**Task:** From the entries below, print exactly the span beginning with the line holding "Cheetah Print Maxi" and ending with the line holding "Dimanta urbšanas iekārta Hilti DD 130", endpoints included, and skip any pictures.

**Stored data:**
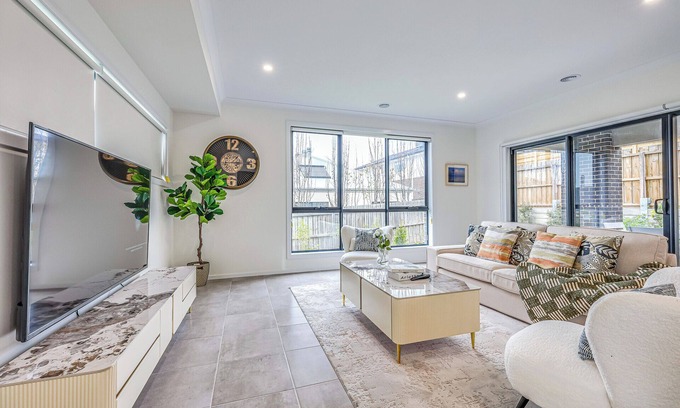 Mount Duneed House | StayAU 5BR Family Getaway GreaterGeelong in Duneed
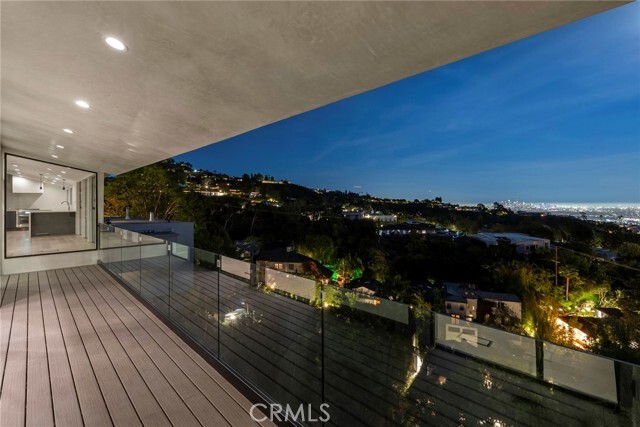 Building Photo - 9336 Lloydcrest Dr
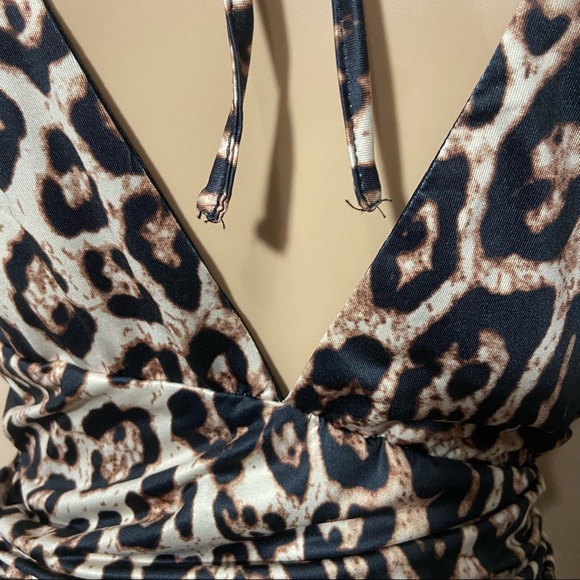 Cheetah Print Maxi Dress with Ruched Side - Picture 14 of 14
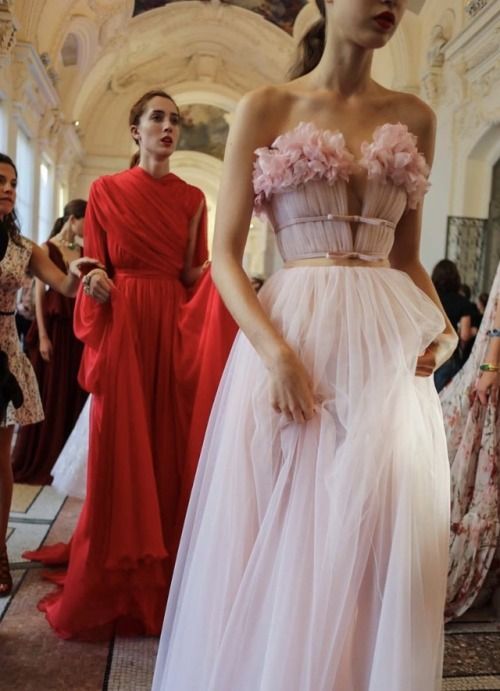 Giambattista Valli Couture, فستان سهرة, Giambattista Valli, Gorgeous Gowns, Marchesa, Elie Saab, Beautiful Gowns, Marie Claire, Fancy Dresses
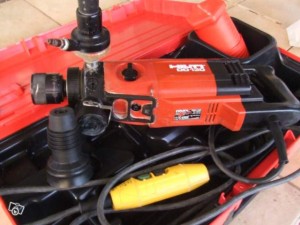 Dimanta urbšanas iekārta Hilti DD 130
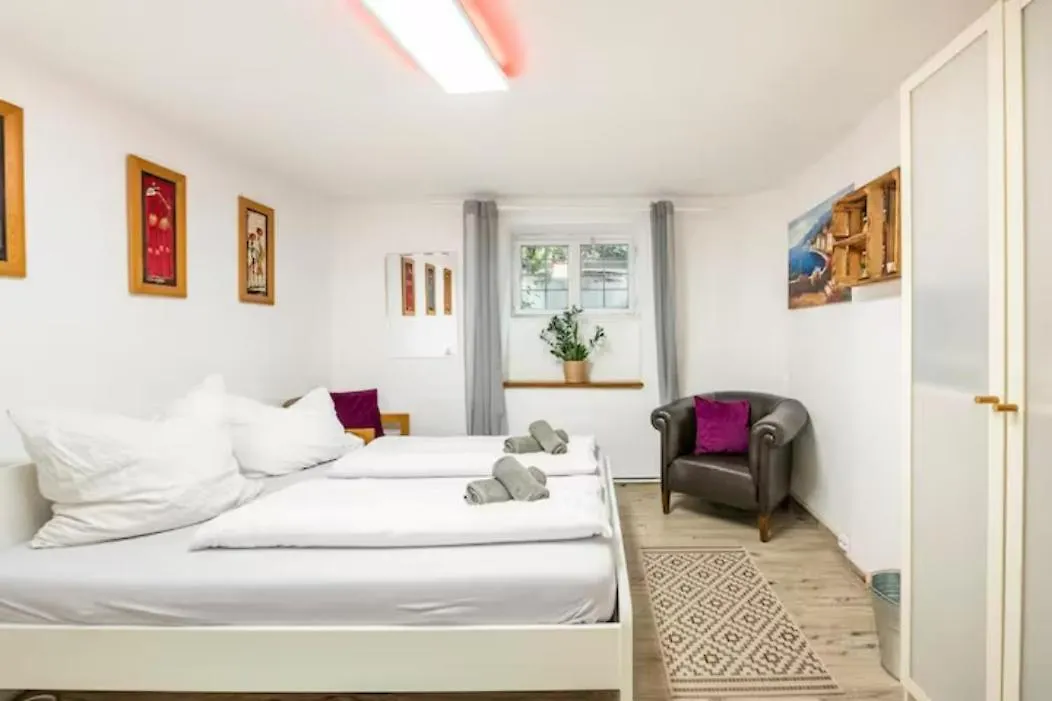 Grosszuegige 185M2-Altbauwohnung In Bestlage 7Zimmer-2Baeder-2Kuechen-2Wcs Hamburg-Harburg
--
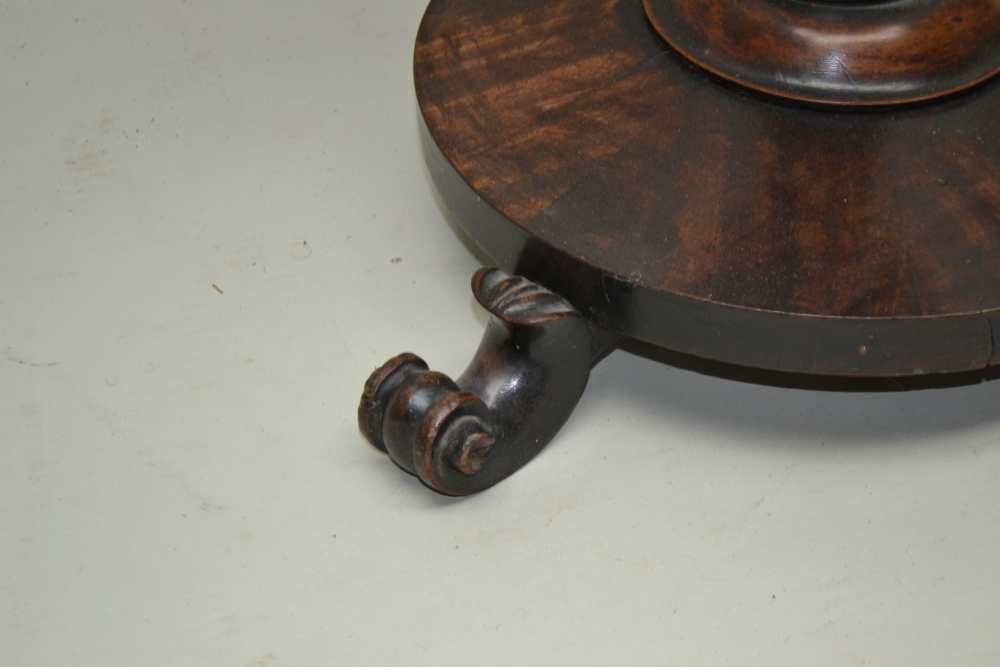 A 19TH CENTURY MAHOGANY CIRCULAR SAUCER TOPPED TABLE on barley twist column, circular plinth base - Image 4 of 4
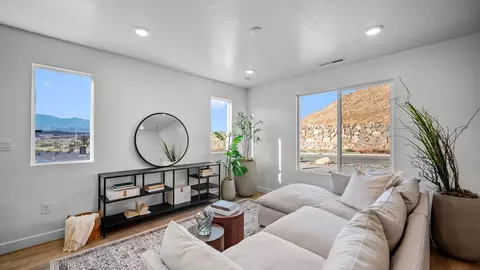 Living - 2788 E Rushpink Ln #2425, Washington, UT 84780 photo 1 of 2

**Your response:**
 Cheetah Print Maxi Dress with Ruched Side - Picture 14 of 14
 Giambattista Valli Couture, فستان سهرة, Giambattista Valli, Gorgeous Gowns, Marchesa, Elie Saab, Beautiful Gowns, Marie Claire, Fancy Dresses
 Dimanta urbšanas iekārta Hilti DD 130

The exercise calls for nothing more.